— Available data —
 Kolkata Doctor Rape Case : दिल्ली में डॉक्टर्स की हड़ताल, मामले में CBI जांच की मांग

--

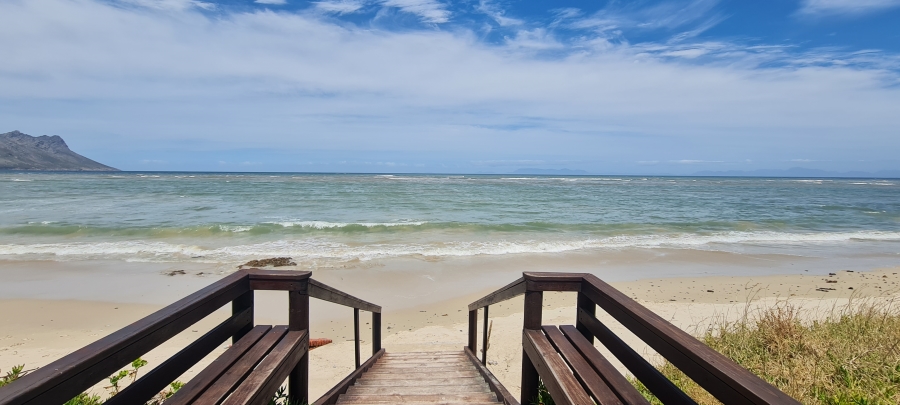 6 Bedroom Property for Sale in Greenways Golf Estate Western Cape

==

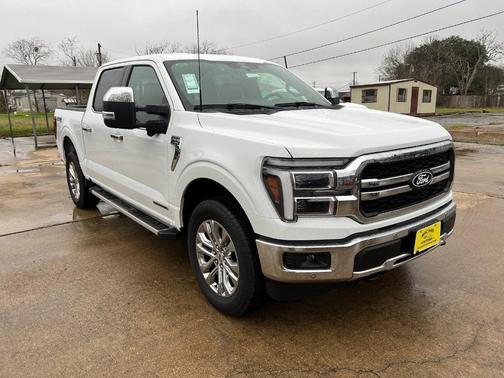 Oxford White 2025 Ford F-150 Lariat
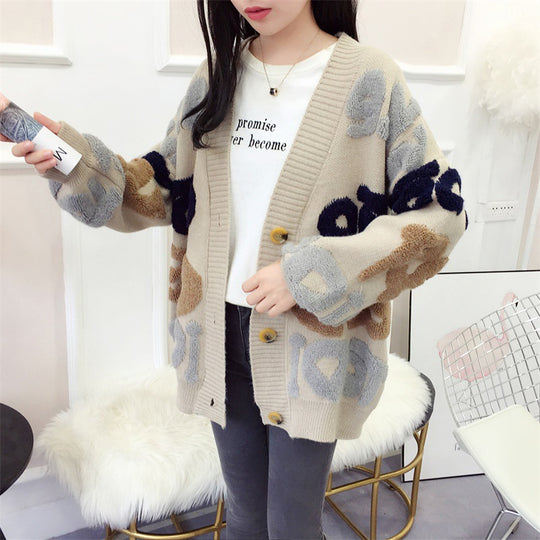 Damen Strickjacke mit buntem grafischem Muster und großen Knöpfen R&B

— Goal of the exercise —
Pictures in the entries do not go into the copy. Print only the lines starting at the one containing "Oxford White 2025 Ford F-150 Lariat" and ending at the one containing "Damen Strickjacke mit", exactly as they appear.

— Exercise solution —
 Oxford White 2025 Ford F-150 Lariat
 Damen Strickjacke mit buntem grafischem Muster und großen Knöpfen R&B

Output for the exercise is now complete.